* [ASSIGNED TASK] Exercise in exact copying: restate word for word only the lines below from the one containing "Střapcové náušnice, trojkombinace" through the one containing "7129 Sunny Parks Dr, White House, TN 37188", omitting any pictures.

* [AVAILABLE RECORDS]
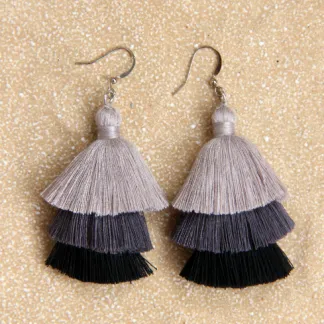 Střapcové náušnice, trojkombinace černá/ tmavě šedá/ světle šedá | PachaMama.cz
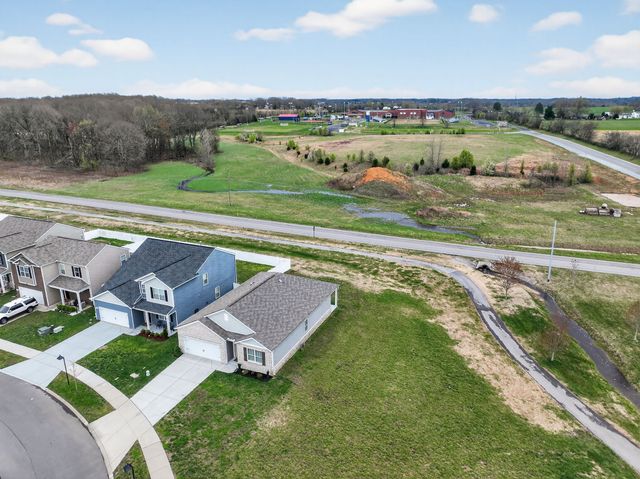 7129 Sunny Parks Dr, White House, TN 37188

==

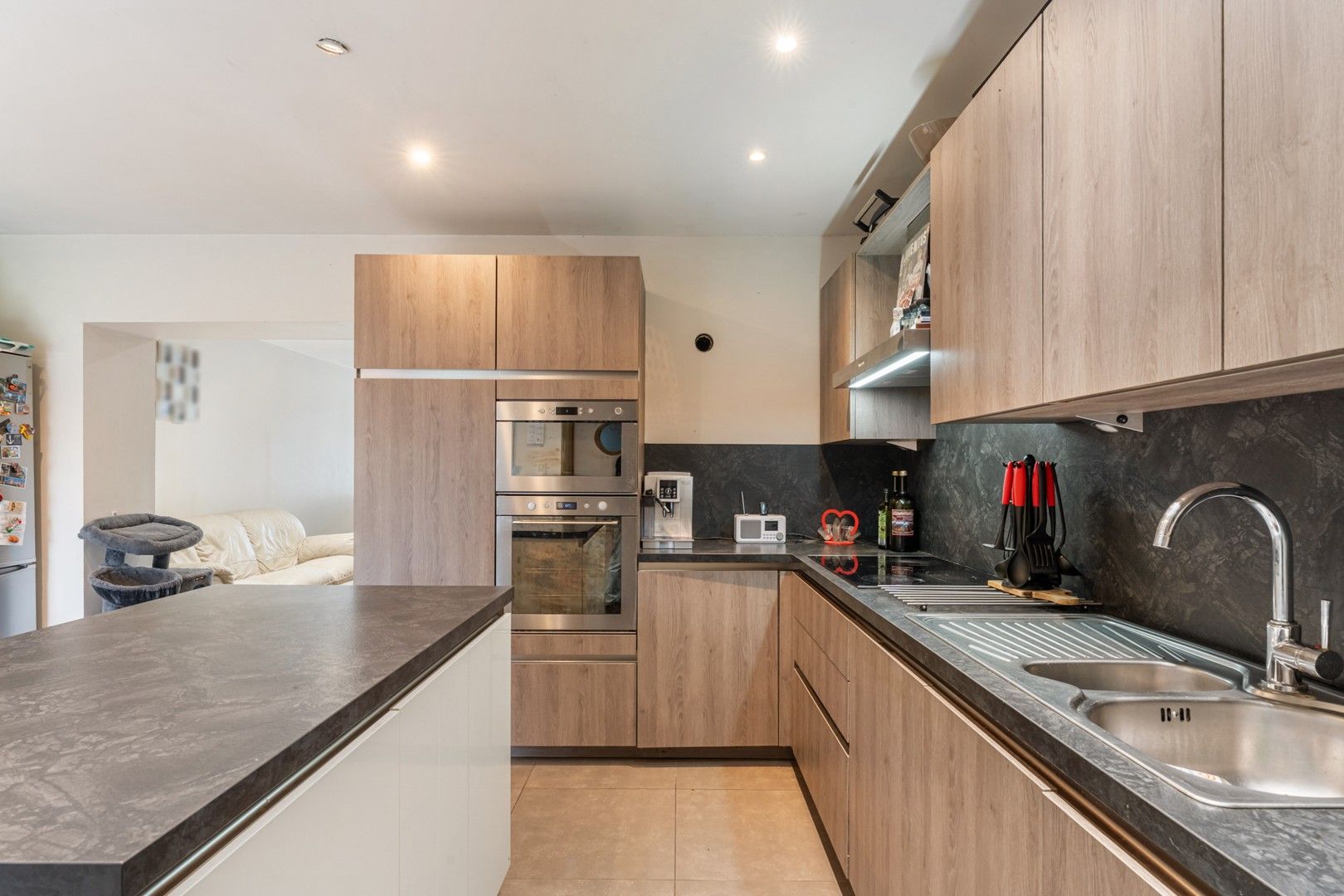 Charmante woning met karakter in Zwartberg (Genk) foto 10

* [ANSWER BOX]
 Střapcové náušnice, trojkombinace černá/ tmavě šedá/ světle šedá | PachaMama.cz
 7129 Sunny Parks Dr, White House, TN 37188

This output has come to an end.